Cumhurbaşkanı Erdoğan’ın yeniden aday olabilmesi için Anayasa değişikliği ya da Meclis’ten seçim kararı alınması gerekiyor. İlk seçenek oldukça zor ve meşakkatli. İkinci seçenek ise daha ulaşılabilir bir seçenek.
CHP, İYİ Parti, DEM Parti’nin ağırlığındaki muhalefet 2025 yılı içerisinde seçim kararı alınmasını istiyor. Bunu da dönem dönem dillendiriyor. AK Parti’nin aklındaki tarih ise 2027 yılı Kasım ayı. Muhalefet ise 2026 sonrası erken seçim kararlarını desteklemeyeceklerini beyan ediyor. Her ne kadar bugünden bu beyanlar yapılsa bile vakti geldiği zaman hiçbir muhalefet partisi “seçimden kaçan” olmamak için evet diyecektir. Ancak Erdoğan konuyu garantiye almaya çalışıyor.

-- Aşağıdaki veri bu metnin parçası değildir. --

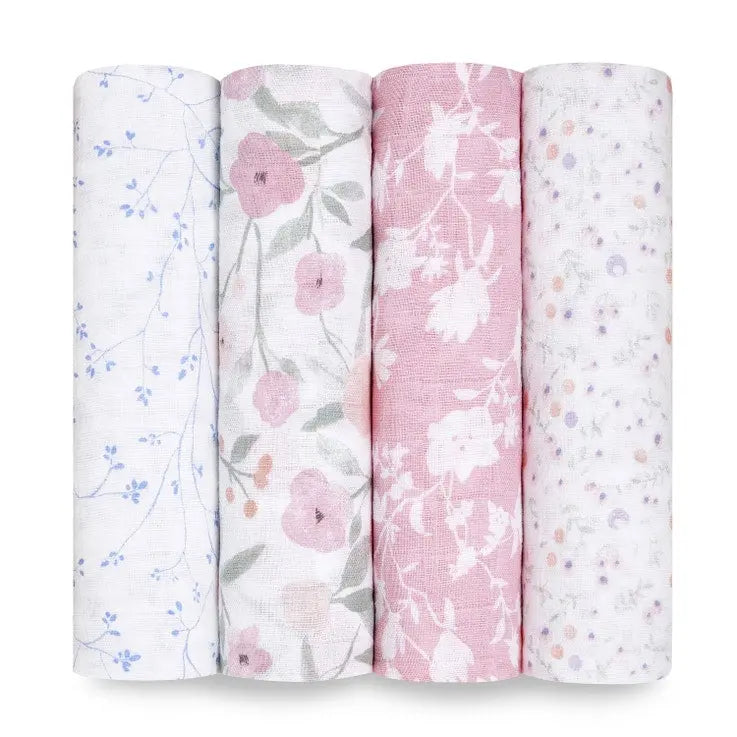 Cotton muslin 4-pack "ma fleur"-Blankets & swaddling-aden + anais-Blue Almonds-London-South Kensington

AK Parti ve Erdoğan’ın Meclis’te çoğunluk için transfer çalışmalarını artırdığını son olağan kongrede gördük. İYİ Parti’den iki isim, Gelecek Partisi’nden de bir isim AK Parti rozeti taktı. Parti yönetiminde de transfer olan 7 isim yer aldı.
Erdoğan, 360 vekil için kararlı adımlarla yürüyor. Cumhur İttifakı’nın şu an için hedefi 30 vekil daha transfer edebilmek. Bugüne kadar 10 milletvekili AK Parti’ye katıldı.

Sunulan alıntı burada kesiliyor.